Speaking in Quebec City Tuesday, Macklem said that higher interest rates are working to cool the economy as elevated borrowing costs are constraining spending on big-ticket items such as vehicles, furniture and appliances.
As demand for goods and services falls, Macklem says the economy will continue to slow.
“That doesn’t sound like a good thing, but when the economy is overheated, it is,” he said.
In addition to global events, the overheated domestic economy pushed up prices rapidly, he said, with the inflation rate peaking at 8.1 per cent in June. To slow things down, the Bank of Canada embarked on one of the fastest monetary policy tightening cycles in its history. It has hiked its key interest rate eight consecutive times since March, bringing it from near-zero to 4.5 per cent.
The shock of higher rates has cooled things down: the inflation rate slowed to 6.3 per cent in December, the most recent month available, though it still sits far above the central bank's two-per-cent target.
Last month, the Bank of Canada said it would take a ‘conditional’ pause to assess the effects of higher interest rates on the economy.

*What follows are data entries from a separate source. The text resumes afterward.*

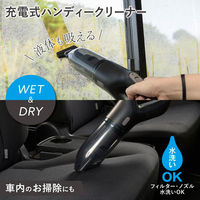 オーム電機 WET&DRYクリーナーHC02R 08-3289 1個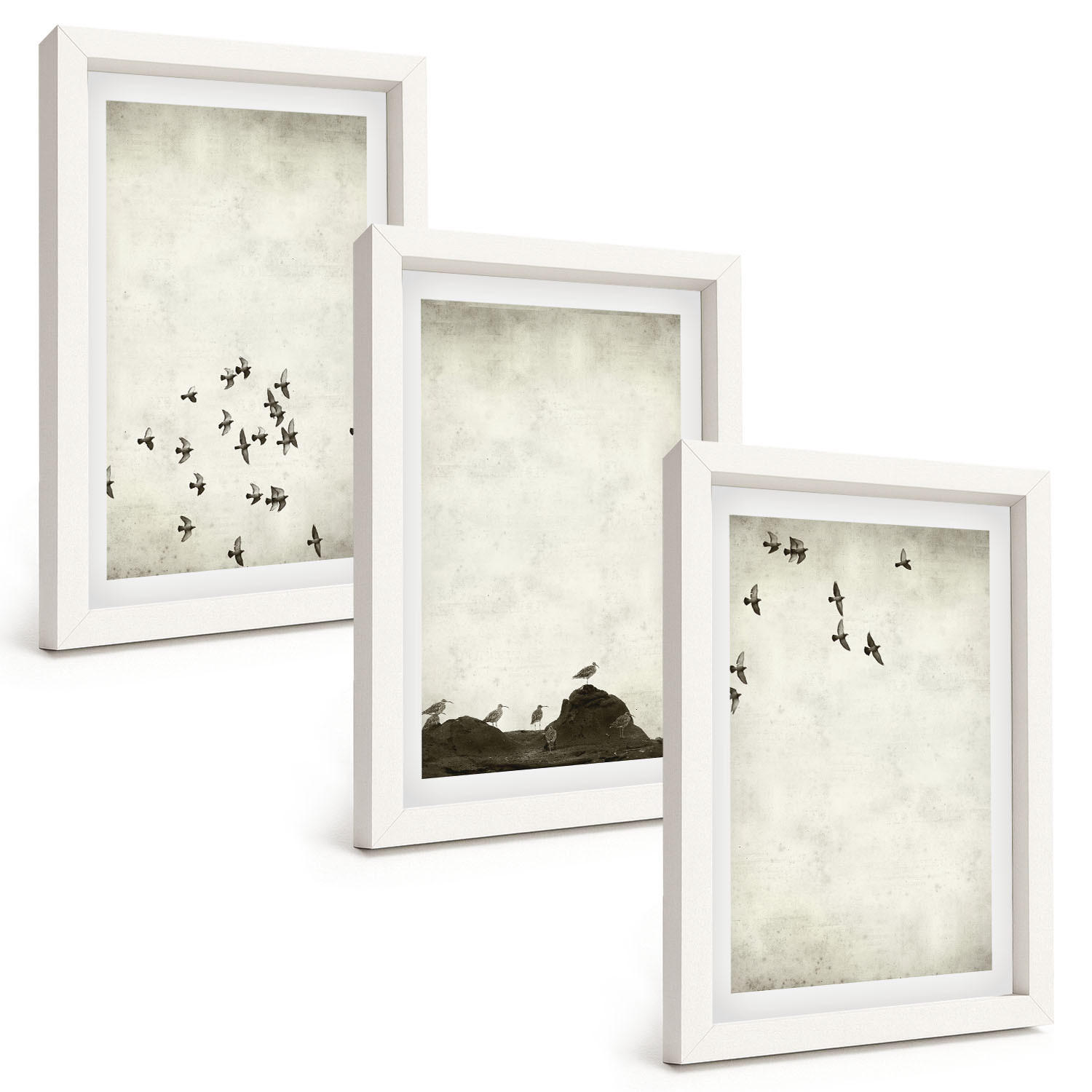 BILDER SET 3er Set - 20x30 cm Weißer Rahmen - Vögel im Flug, minimalistischer Stil - Weiß, Kunststoff (20/30cm) - TULUP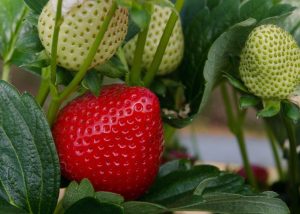 fragole sostenibili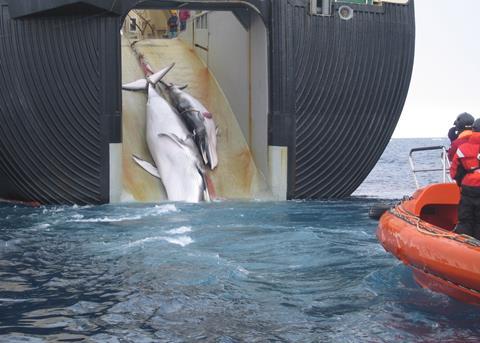 A minke whale and her one-year-old calf are dragged aboard the Nisshin Maru, a Japanese whaling vessel, in 2008. Credit: Australian Customs and Border Protection Service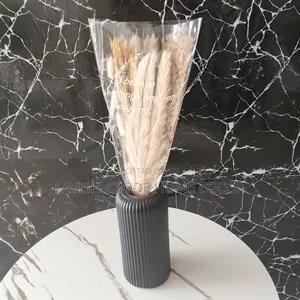 A Bunch of Pampas Grass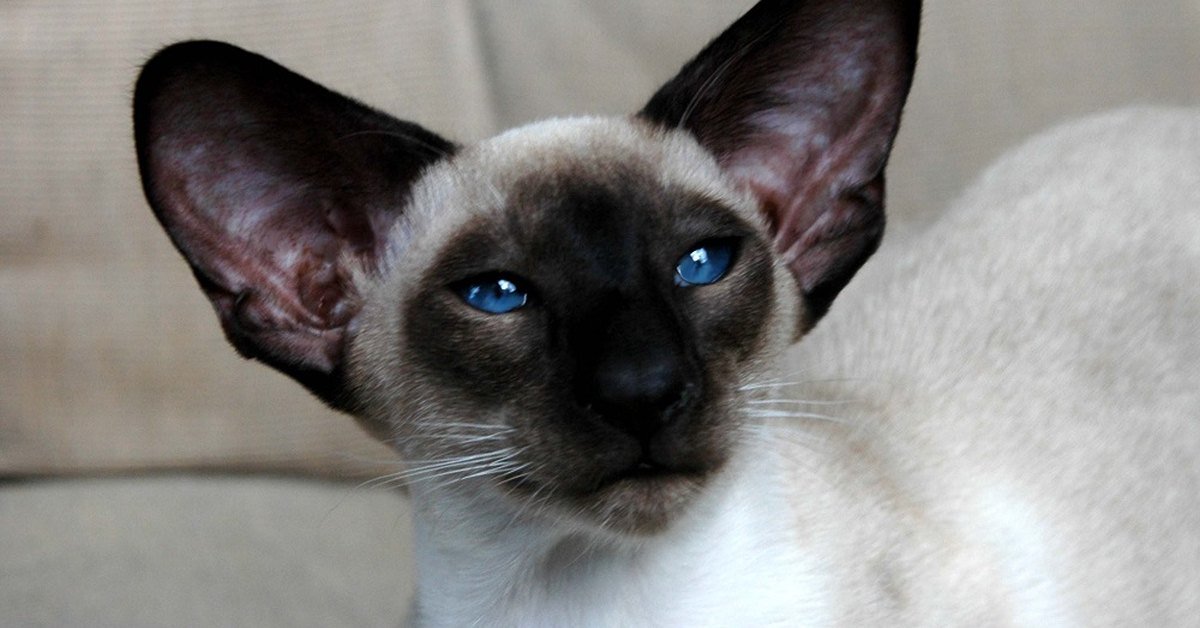 Are Siamese Cats Hypoallergenic? The Truth From a Breeder Who Gets Asked Every Week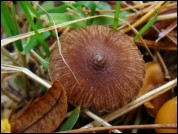 Inocybe pseudodestricta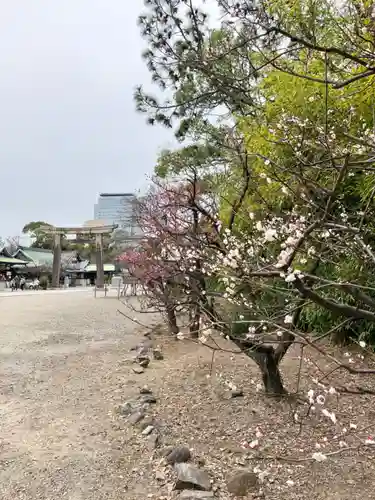 豊國神社の庭園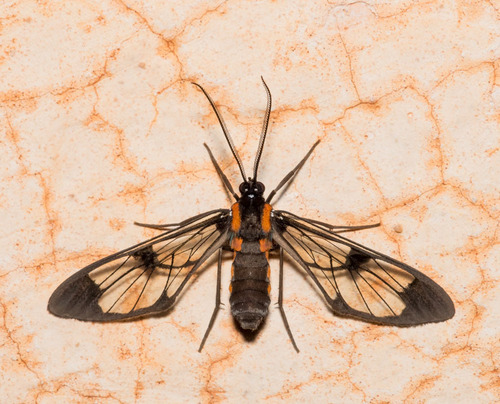 Cosmosoma harpalyce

“Typically, we don’t see the full effects of changes in our overnight rate for 18 to 24 months,” Macklem said Tuesday.
“In other words, we shouldn’t keep raising rates until inflation is back to two per cent.”
But the governor said the Bank of Canada will be ready to raise rates further if inflation proves to be more stubborn than expected.
As gas prices have fallen and supply chains have improved, inflation in Canada has slowed since peaking at 8.1 per cent in the summer. Macklem called this a “welcome development,” but stressed inflation is still too high.
For inflation to get back to two per cent, the governor said wage growth will have to slow, along with other prices.
Wages have been growing rapidly for months but continue to lag the rate of inflation. In December, wages were up 5.1 per cent.
The central bank says Canada's tight labour market is a sign of an overheated economy. In December, the unemployment rate was five per cent, just over the record-low of 4.9 per cent reached in the summer.
"If the labour market stays this tight, we're not going to get back to two per cent inflation," Macklem told reporters on Tuesday.
Though annual inflation is still at decades-high levels, economists have been encouraged by a more noticeable slowdown in price growth over recent months.
The Bank of Canada forecasts the annual inflation rate will fall to three per cent by mid-year and to two per cent in 2024.
With the Bank of Canada taking a pause from hiking rates and forecasts accounting for a significant slowdown in inflation this year, attention is shifting toward potential rate hikes down the line.
Markets are anticipating rate cuts as early as the end of 2023. However, when asked about potential rate cuts, Macklem said the central bank is still focused on whether interest rates are high enough to quash inflation.
"It's really far too early to be thinking about cutting rates," he said.